A Blogger’s Summary of Lennox’s Arguments about the nature of science and reality in God’s Undertaker: Has Science Buried God? which responds to Dawkins. http://craigjosling.blogspot.ca/2012/05/summary-of-gods-undertaker-has-science.html

“The existence of consciousness is both one of the most familiar and one of the most astounding things about the world. No conception of the natural order that does not reveal it as something to be expected can aspire even to the outline of completeness. And if physical science, whatever it may have to say about the origin of life, leaves us necessarily in the dark about consciousness, that shows that it cannot provide the basic form of intelligibility for this world.” 

Thomas Nagel Philosopher in Mind and Cosmos

“The common belief that . . . the actual relations between religion and science over the last few centuries have been marked by deep and enduring hostility is not only historically inaccurate but actually a caricature so grotesque that what needs to be explained is how it could possibly have achieved any degree of respectability. “ ~Colin Russell, Historian of Science

“Note that I am not postulating a ‘God of the gaps’, a god merely to explain the things that science has not yet explained.
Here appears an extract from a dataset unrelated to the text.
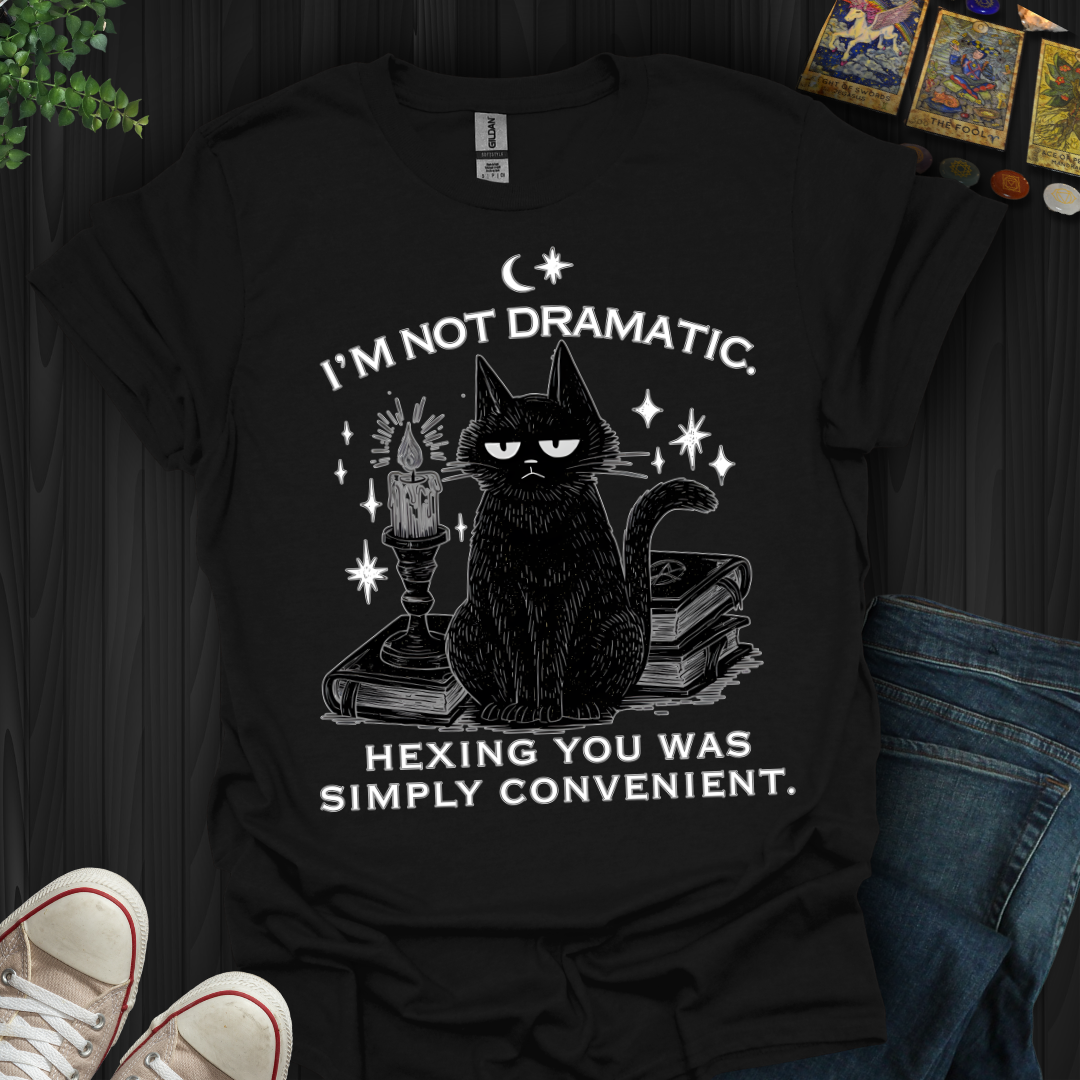 I'm Not Dramatic T-Shirt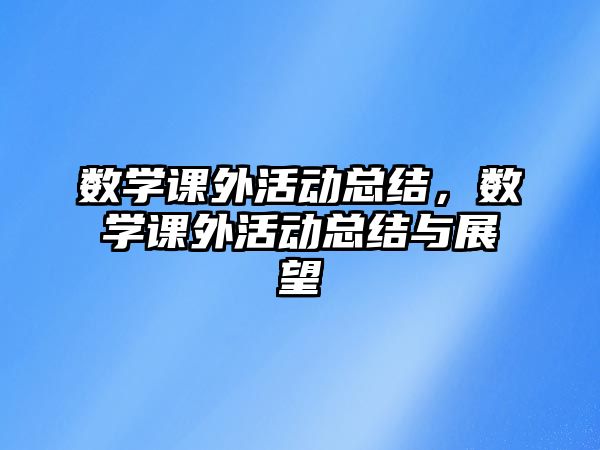 數(shù)學課外活動總結，數(shù)學課外活動總結與展望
I am postulating a God to explain why science explains; I do not deny that science explains, but I postulate God to explain why science explains.  The very success of science in showing us how deeply ordered the natural world is provides strong grounds for believing that there is an even deeper cause for that order”.

~Oxford Philosopher Richard Swinburne

[The issue here is that, because God is not an alternative to science as an explanation, he is not a God of the gaps.  On the contrary, he is the ground of all explanation: it is his existence which gives rise to the very possibility of explanation, scientific or otherwise.]

 “Because there is a law of gravity, the universe can and will generate itself from nothing”.~Stephen Hawking and Mlodinow in “The Grand Design”.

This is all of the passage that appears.